:: Records provided

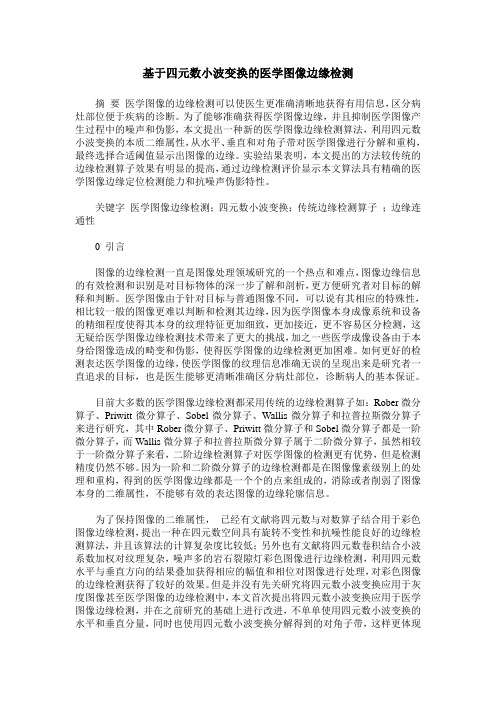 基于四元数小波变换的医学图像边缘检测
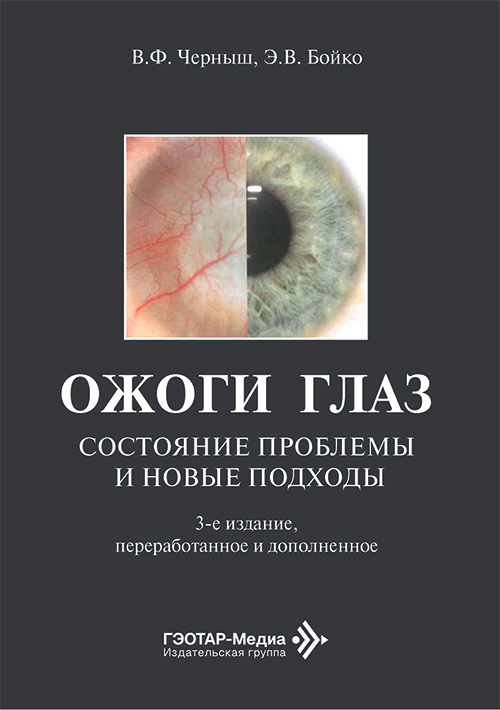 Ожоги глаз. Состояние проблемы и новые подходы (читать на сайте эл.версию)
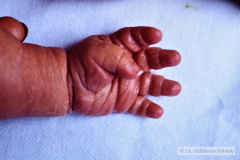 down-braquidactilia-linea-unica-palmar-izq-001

::::
:: Records provided

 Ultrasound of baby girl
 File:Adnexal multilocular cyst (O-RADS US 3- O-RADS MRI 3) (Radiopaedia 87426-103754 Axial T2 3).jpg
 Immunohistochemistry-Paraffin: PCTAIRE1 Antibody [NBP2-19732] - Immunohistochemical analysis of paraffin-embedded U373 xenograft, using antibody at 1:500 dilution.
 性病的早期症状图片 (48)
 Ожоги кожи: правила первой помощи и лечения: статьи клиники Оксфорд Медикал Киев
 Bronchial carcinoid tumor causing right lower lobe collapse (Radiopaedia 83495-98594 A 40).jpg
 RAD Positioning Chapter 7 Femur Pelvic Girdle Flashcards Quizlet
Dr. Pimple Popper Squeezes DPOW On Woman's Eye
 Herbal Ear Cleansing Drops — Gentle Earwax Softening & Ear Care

::::
:: Records provided

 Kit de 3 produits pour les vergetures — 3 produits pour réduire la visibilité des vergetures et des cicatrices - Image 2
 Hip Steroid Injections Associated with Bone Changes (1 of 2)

::::

* **Exercise brief**
Please give back exactly the lines of the listing above that run from the one containing "Immunohistochemistry-Paraffin: PCTAIRE1 Antibody" through the one containing "Ожоги кожи: правила", and only those.

* **The completed task**
 Immunohistochemistry-Paraffin: PCTAIRE1 Antibody [NBP2-19732] - Immunohistochemical analysis of paraffin-embedded U373 xenograft, using antibody at 1:500 dilution.
 性病的早期症状图片 (48)
 Ожоги кожи: правила первой помощи и лечения: статьи клиники Оксфорд Медикал Киев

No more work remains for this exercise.